De tweede categorie, verkeer monitoren, bestaat uit elementen die alleen het netwerk in de gaten houden en dus het dataverkeer niet sturen. Dit gebeurt voornamelijk via Intrusie Detectie Systemen (IDS)

  • Intrusion Detection System (IDS) houdt verkeer in de gaten en detecteert ongewenst gedrag.
  • Endpoint Detection and Response (EDR), beveiligingsoplossing voor eindpunten die continu apparaten van eindgebruikers controleert om cyberbedreigingen zoals ransomware en malware te detecteren en erop te reageren.

Voor al deze elementen gelden een aantal best practices die toegepast moeten worden om de doelstellingen te halen en die moeten op de juiste manier genest worden.

Inhoud filteren

Firewalls

De juiste firewall kiezen

Over het algemeen zijn er 3 soorten firewalls: stateless, stateful en next-generation.

De stateless en stateful firewalls inspecteren beide de packet headers voordat ze een beslissing nemen. Ze kijken dus enkel naar het IP-adres en de poort, bron en bestemming. Stateful firewalls slaan daarnaast informatie op over actieve verbindingen. Bij een open verbinding houdt de firewall een intern statusrecord bij dat bijgewerkt wordt wanneer nieuwe pakketten worden geïnspecteerd. Dat biedt de mogelijkheid om afwijkingen te detecteren. Bijvoorbeeld een DNS-respons zonder bijhorend verzoek.

We raden dus altijd aan een stateful firewall te gebruiken in plaats van een stateless.

Een Next-Generation Firewall (NGFW) daarentegen kan de payload van meeste pakketten inspecteren. De verwerkingscapaciteit en dus de prijs hiervan zijn natuurlijk hoger. Maar dit is momenteel de beste firewalltechnologie op de markt.

System

Als vuistregel geldt dat we de blootstelling van onze systemen aan risico's zoveel mogelijk willen verkleinen en dat alles wat toegankelijk blijft streng gecontroleerd moet worden.

We kijken dus vooral naar de configuratie en het onderhoud van de firewall zelf.

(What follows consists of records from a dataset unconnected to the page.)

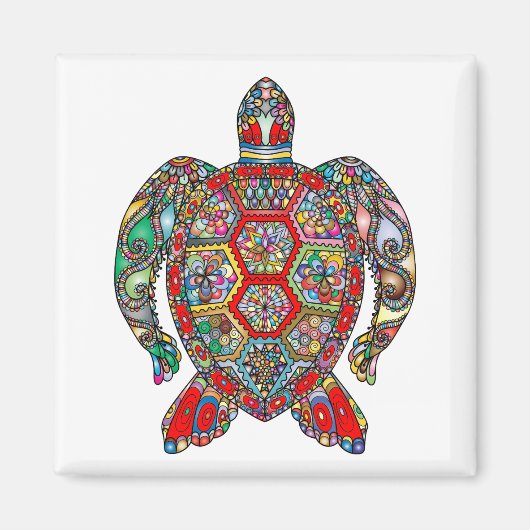 色鮮やか亀 マグネット (正面)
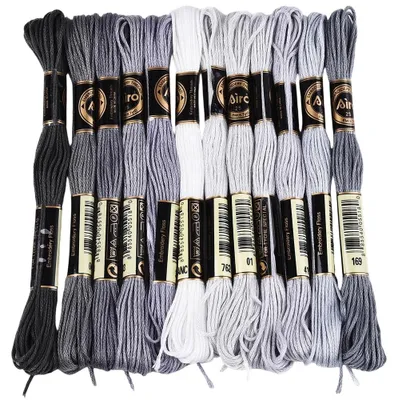 Stickgarn-Set, 105 Yards, Grau Verlauf, 12 Stränge, Polyester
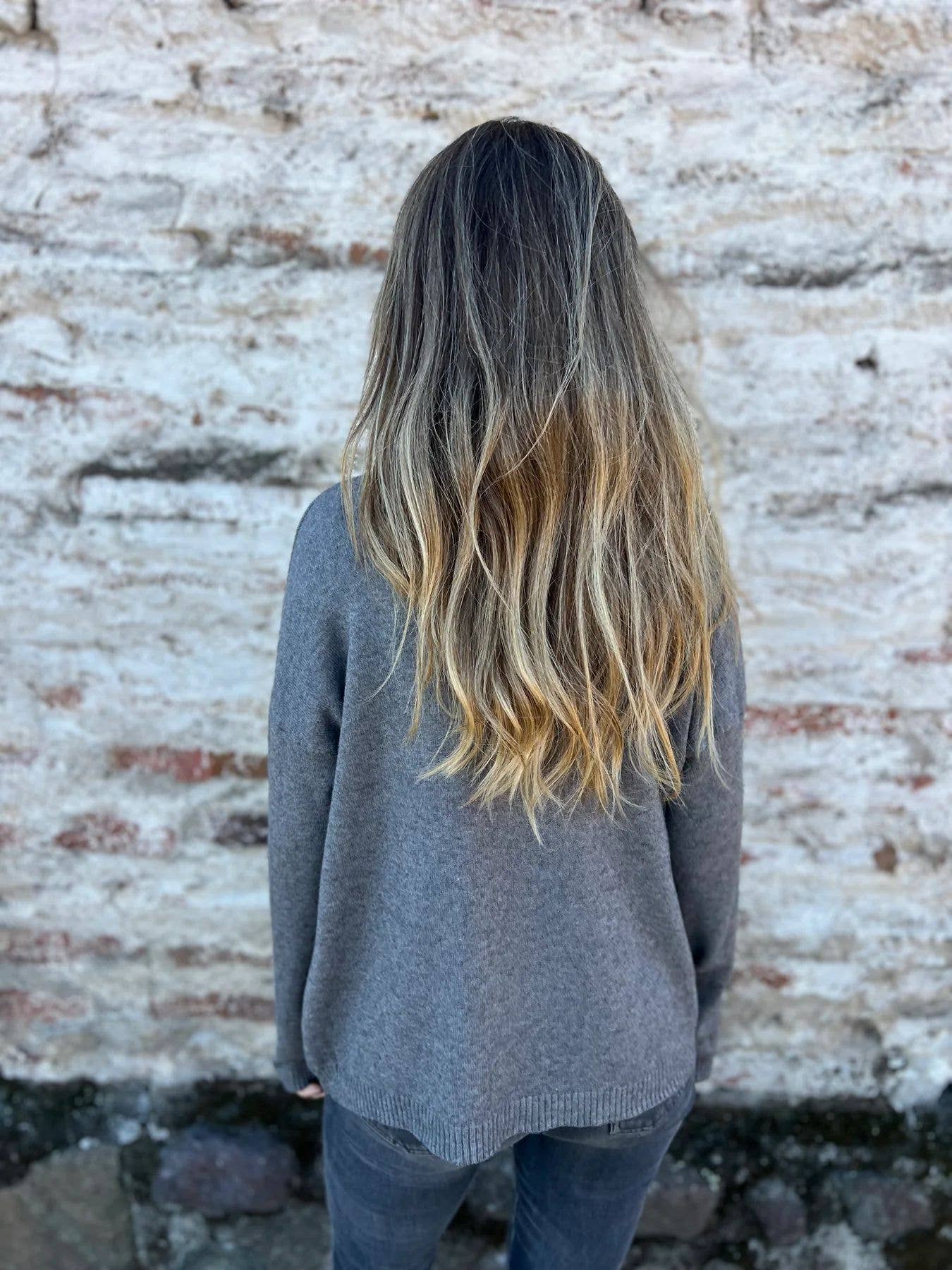 Casual high-neck button-down knitted sweater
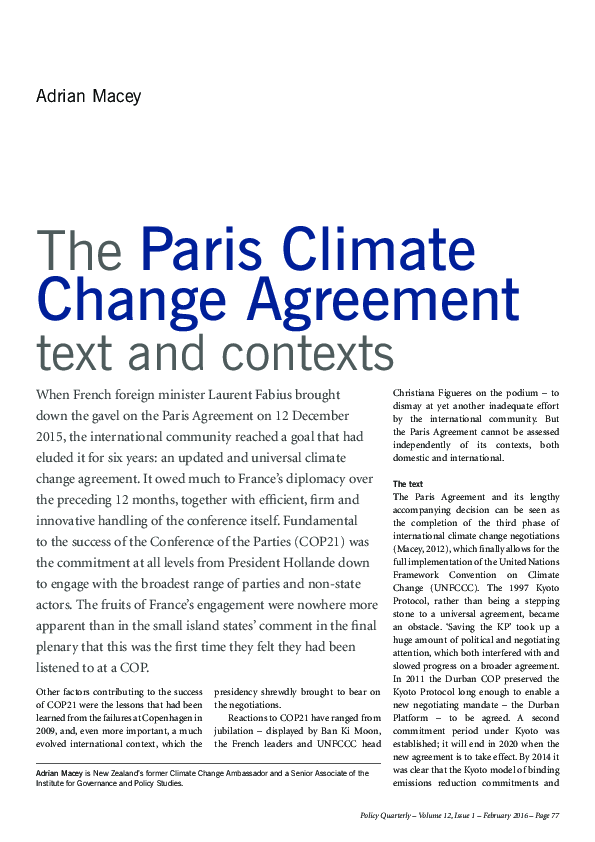 (PDF) The Paris Climate Change Agreement: text and contexts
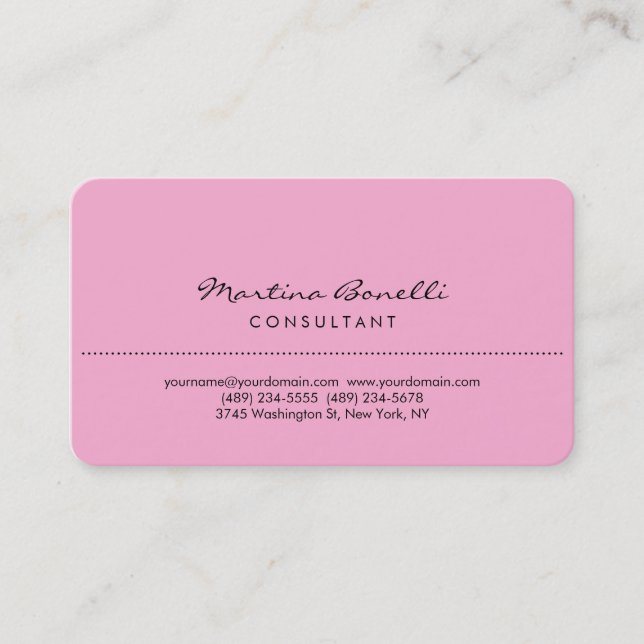 White Rounded Corner Lavender Pink Business Card (Front)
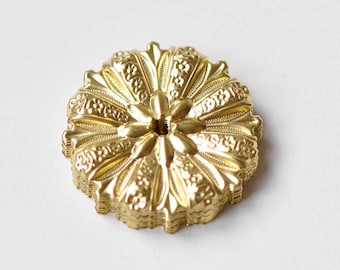 10 pcs Raw Brass Round Flower Stamping Embellishments 27.5mm A8965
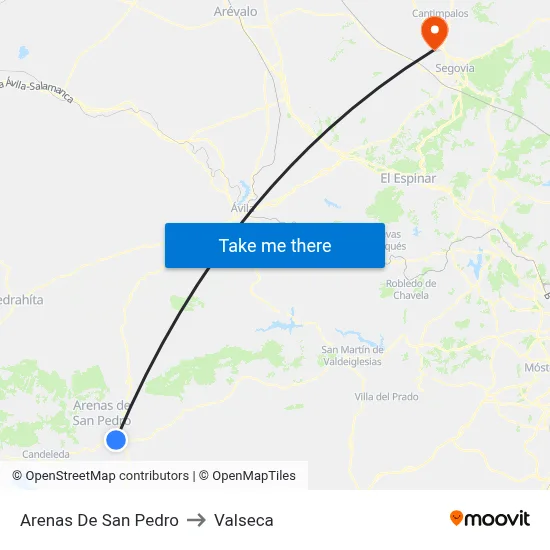 Arenas De San Pedro to Valseca map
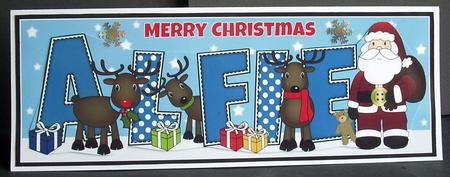 Santa and His Reindeers Alfie Large Dl by Joyce Watson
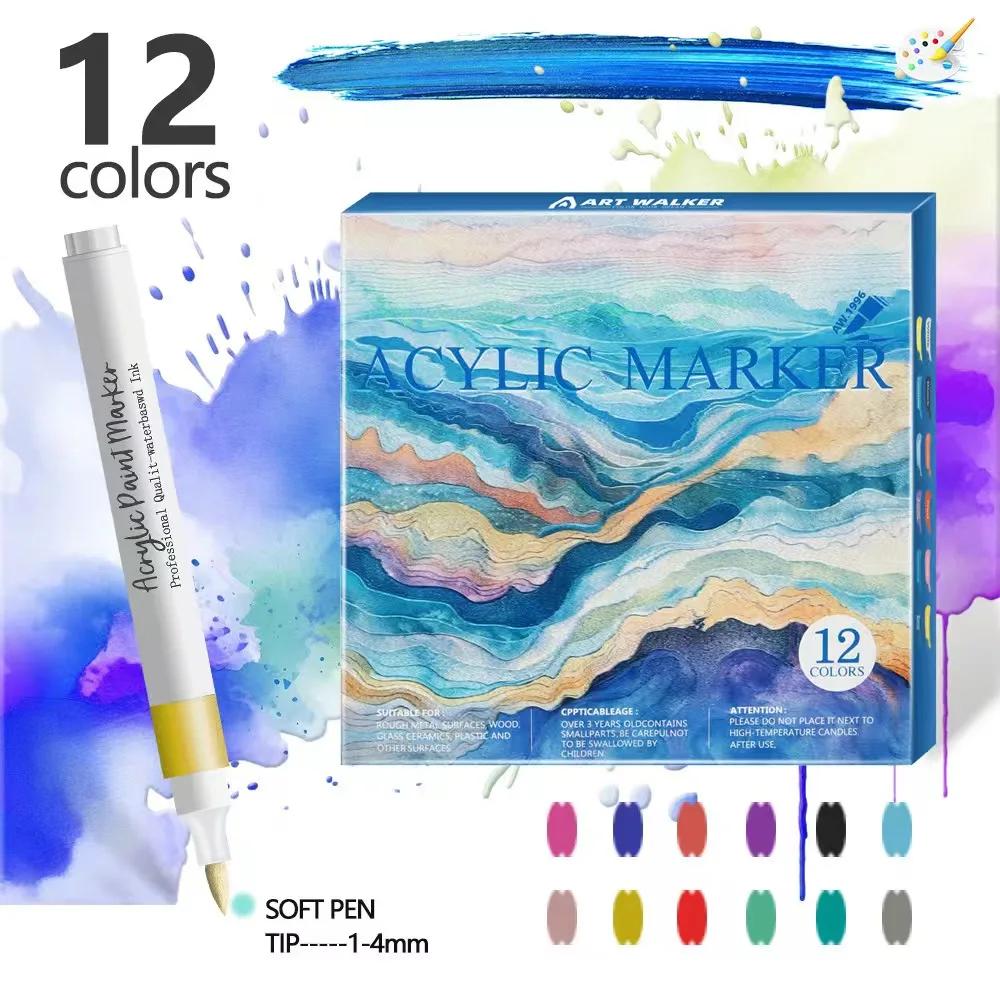 12-80 cores caneta marcador de arte acrílica pintura em rocha para crianças graffiti pedra cerâmica vidro madeira diy artesanato arte artigos de papelaria suprimentos - Image 1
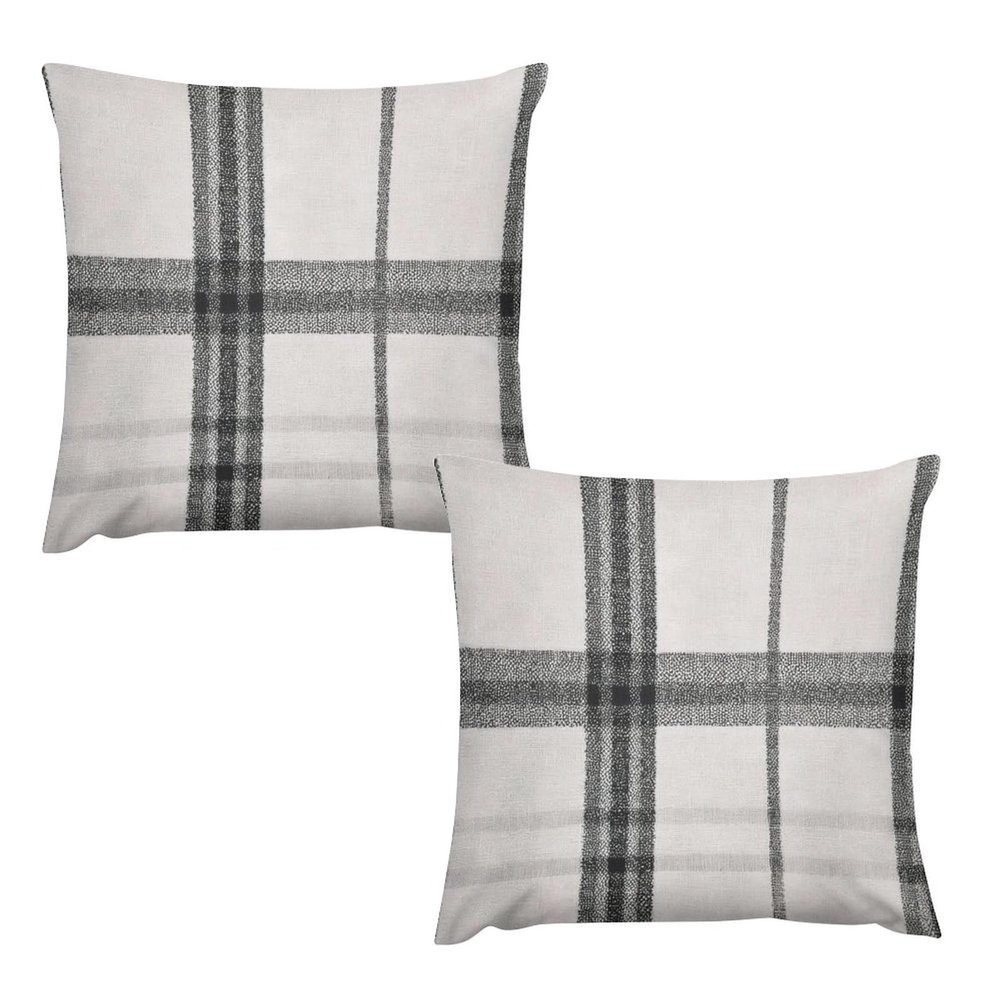 ArogGeld Gray Black Buffalo Check Sofa Pillow Cover Set of 2 Vintage Tan Plaid Charcoal Throw Pillow Cushion Chinoiserie Double Side Velvet Throw Pillow Case for Living Room Bedroom 20"x20"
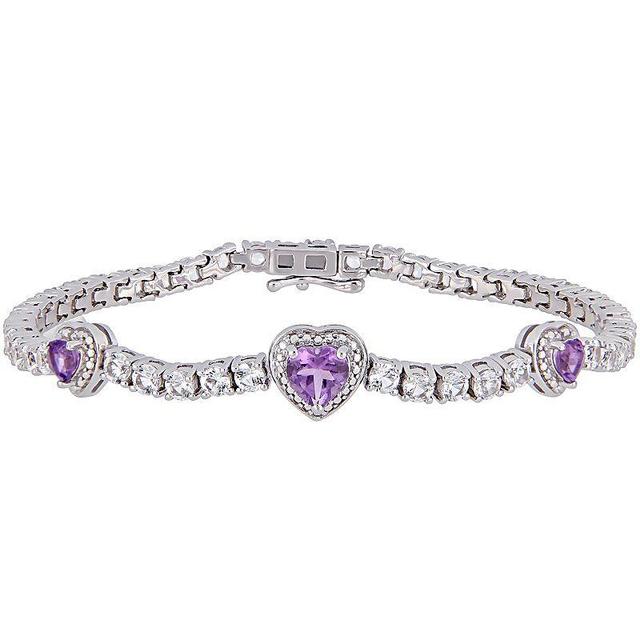 Stella Grace Sterling Silver Amethyst & White Sapphire Triple Heart Bracelet, Womens Purple Product Image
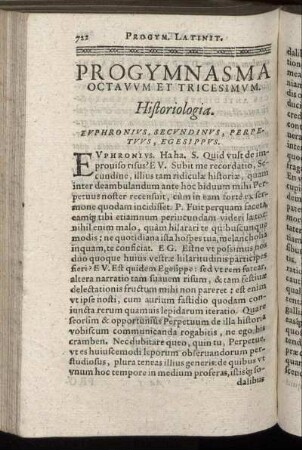 Progymnasma Octavum Et Tricesimum. Historiologia.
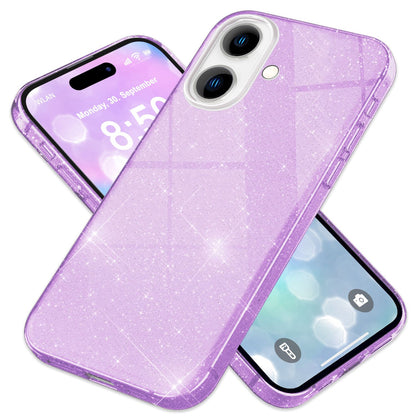 NALIA Glitzerhülle für iPhone 16 Plus – Funkelnder Glitzer-Look & Grip – SHINEPOP (Silikon Case) – Marke aus Berlin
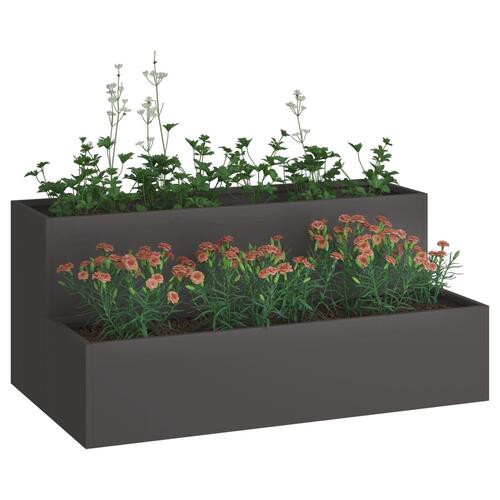 Haveplante 2-lag 100x60x45 cm Sort Stål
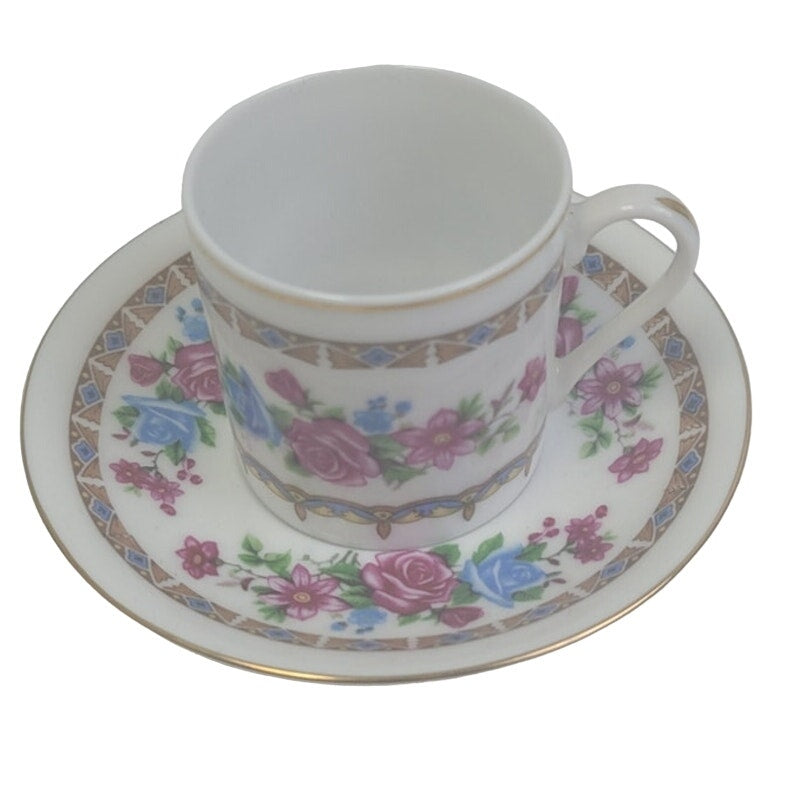 Vintage Made In China Ceramic Gold Rim Floral Pink Blue Rose Teacup Saucer Set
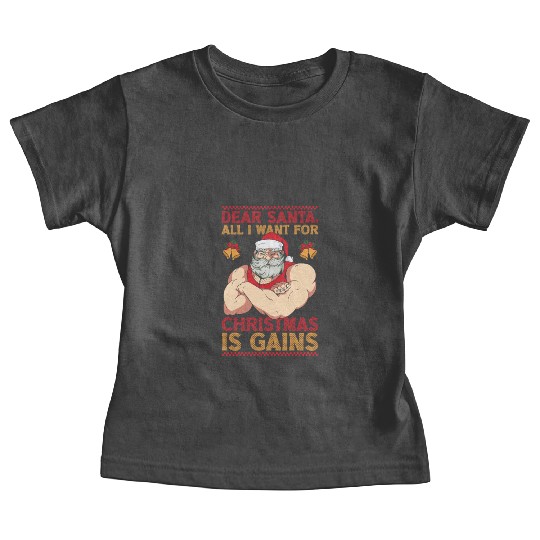 Dear Santa Christmas Gym Training Holiday Workout Baby Tees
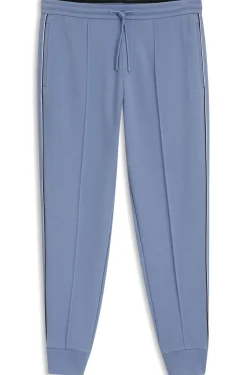 Cotton-blend tracksuit bottoms with piping details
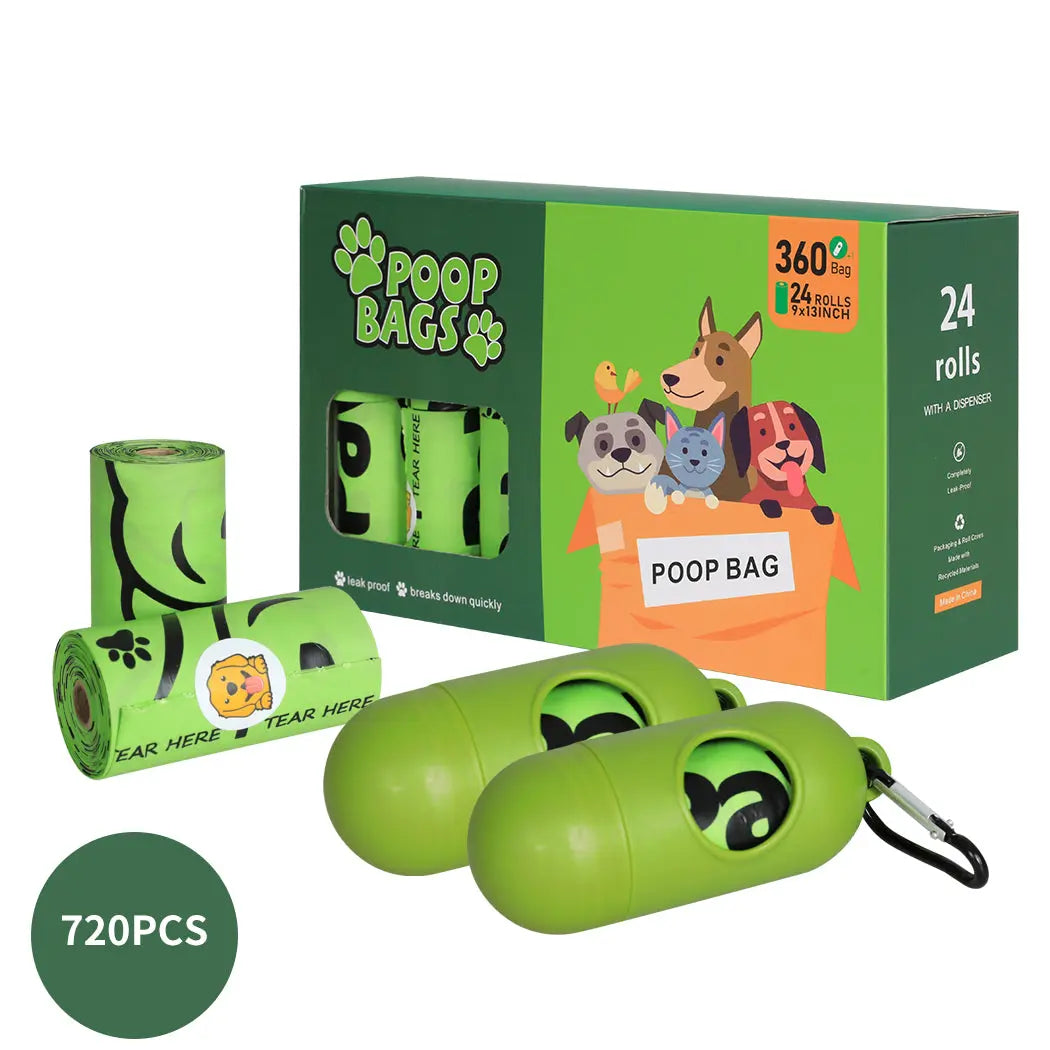 PaWz 100% Compostable Biobased Dog Poop 48 Rolls / 720 pcs + 2 x dispensers - Paws & Palettes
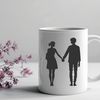 Intertwined Lovers Under Blooming Tree A stylized illustration of intertwined lovers under a blooming tree, perfect for wedding or Valentine's Day designs.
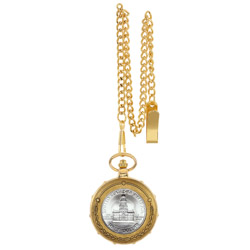 JFK Bicentennial Half Dollar Goldtone Train Pocket Watch with Skeleton Movement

We adviseren dan ook het gebruik van accounts op naam, idealiter geverifieerd via een directoryservice die gebruikt maak van het LDAP-protocol, met multifactor authenticatie en een geldig certificaat voor goede beveiliging.

Lees ons artikel over Multi-Factor Authenticatie: https://www.cert.be/nl/paper/accounts-beter-beschermen-met-multifactorauthenticatie 

Het serviceaccount die wordt gebruikt om de actieve directory te bevragen moet zo min mogelijk rechten hebben.
Alle accounts op naam moeten ingericht zijn volgens het principe van least privilege. Zo krijgt een analist enkel leesrechten, terwijl een beheerder over lees- en schrijfrechten beschikt. Dit wordt best ingesteld via groepen van rollen in de directoryservice, om een wildgroei aan rechten te voorkomen. De inloggegevens van de lokale beheerder moeten veilig worden bewaard in een kluis en mogen nooit worden gebruikt, tenzij er geen andere keuze mogelijk is.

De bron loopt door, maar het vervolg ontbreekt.